Required work:
After finding "Blue beach-themed nail art" in the data, write out its line and all following lines without change, up to and including the last one. Leave out pictures.

▽

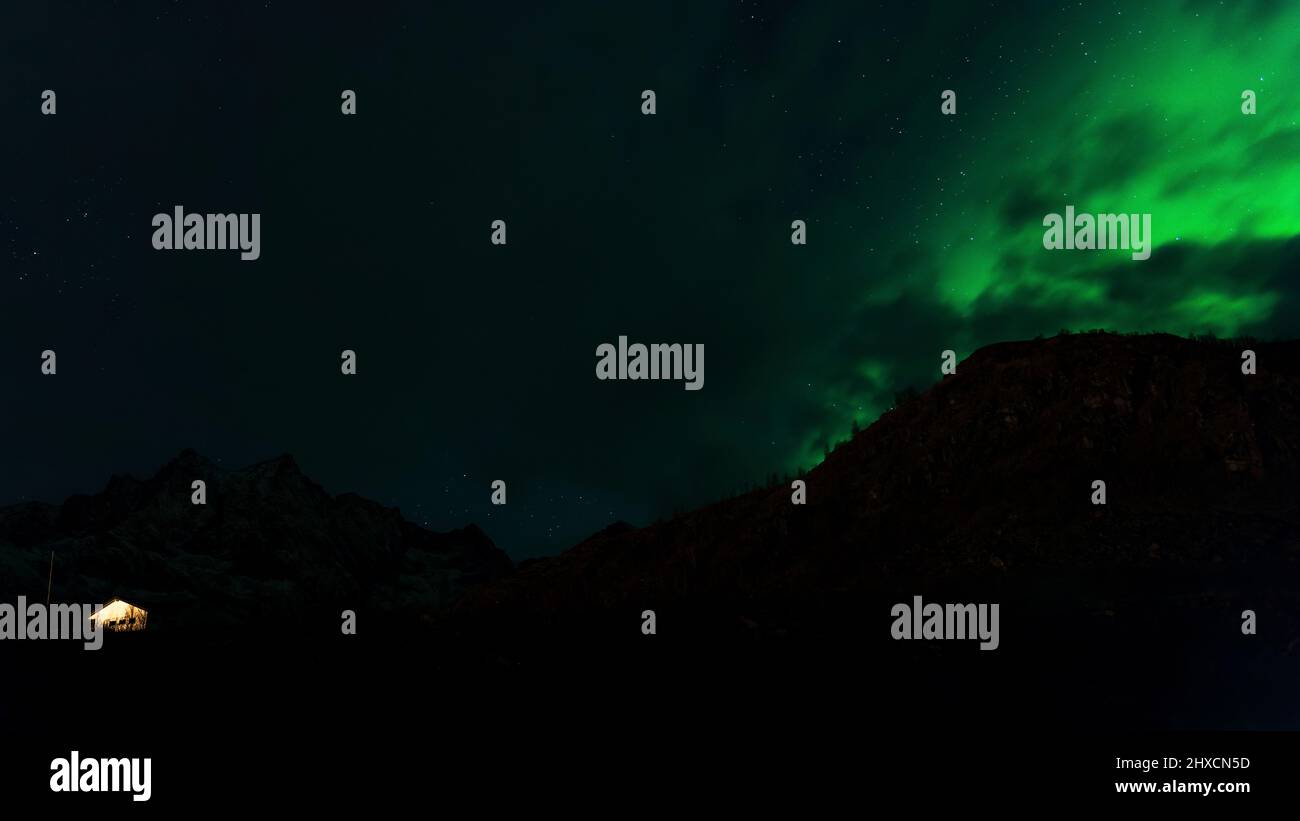 Northern Lights or Aurora Borealis dance over the fjord landscape Stock ...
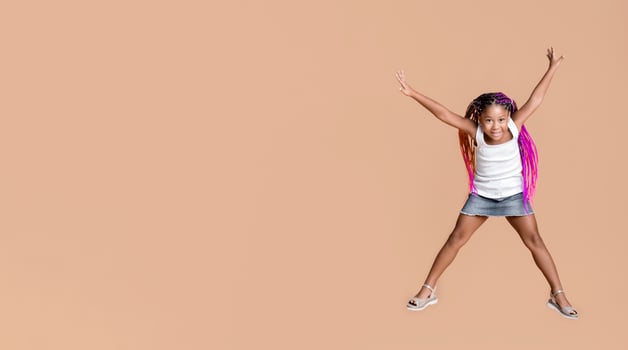 Like a star. Cute little african american girl jumping with her hands up over yellow studio background with copy space photo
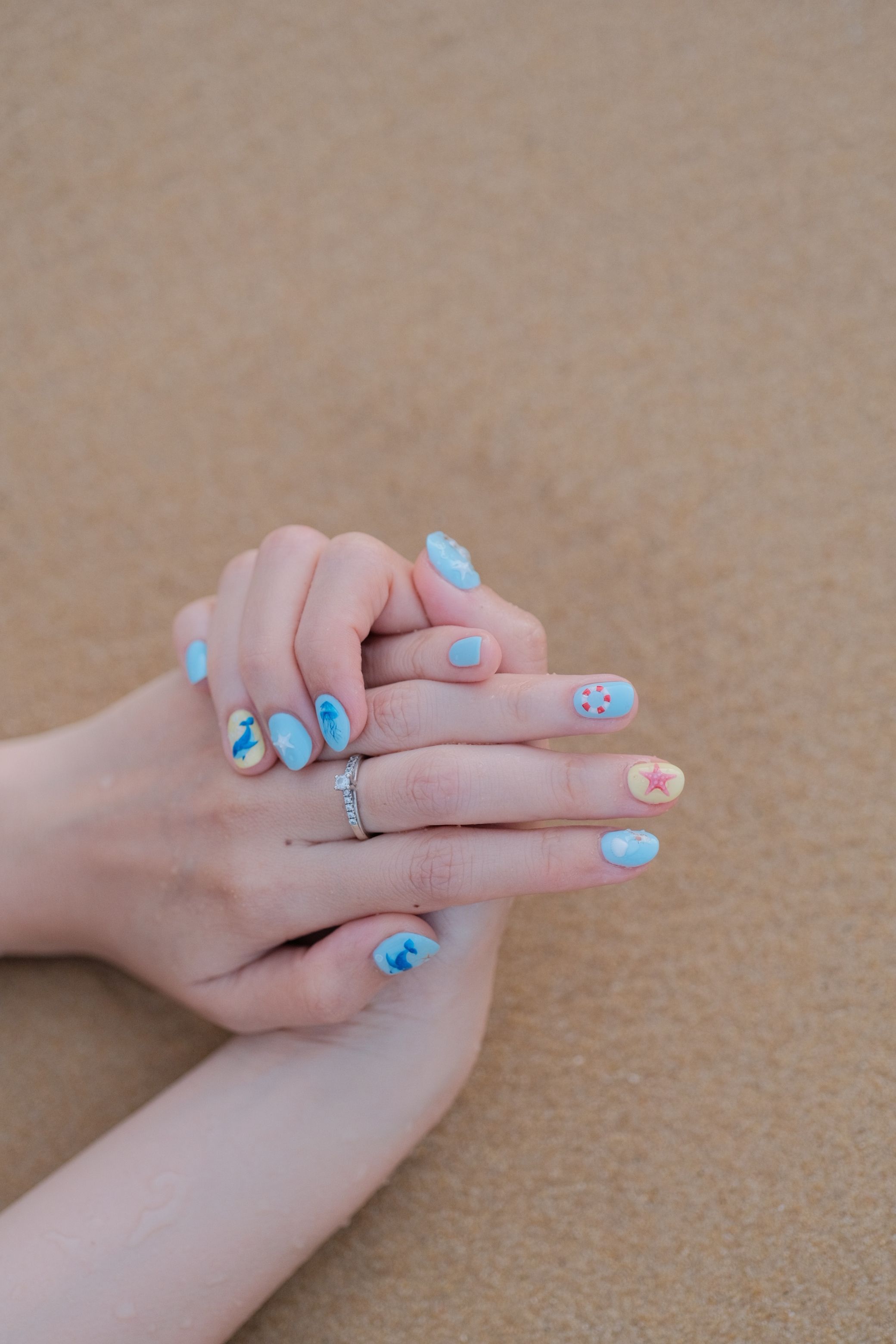 Blue beach-themed nail art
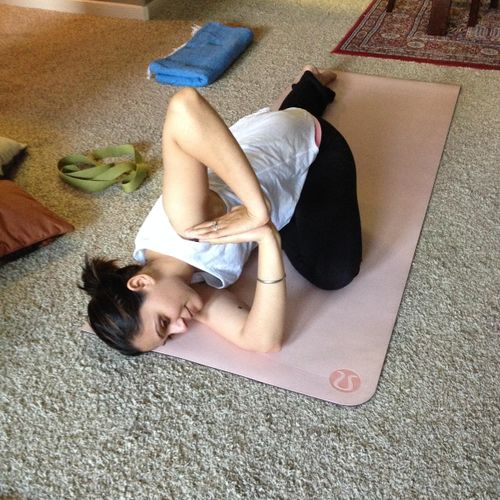 A client in Pigeon Pose twist.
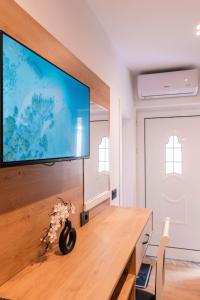 a living room with a large flat screen tv on a wall at Velora Apartments Ksamil in Ksamil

△

Task solution:
 Blue beach-themed nail art
 A client in Pigeon Pose twist.
 a living room with a large flat screen tv on a wall at Velora Apartments Ksamil in Ksamil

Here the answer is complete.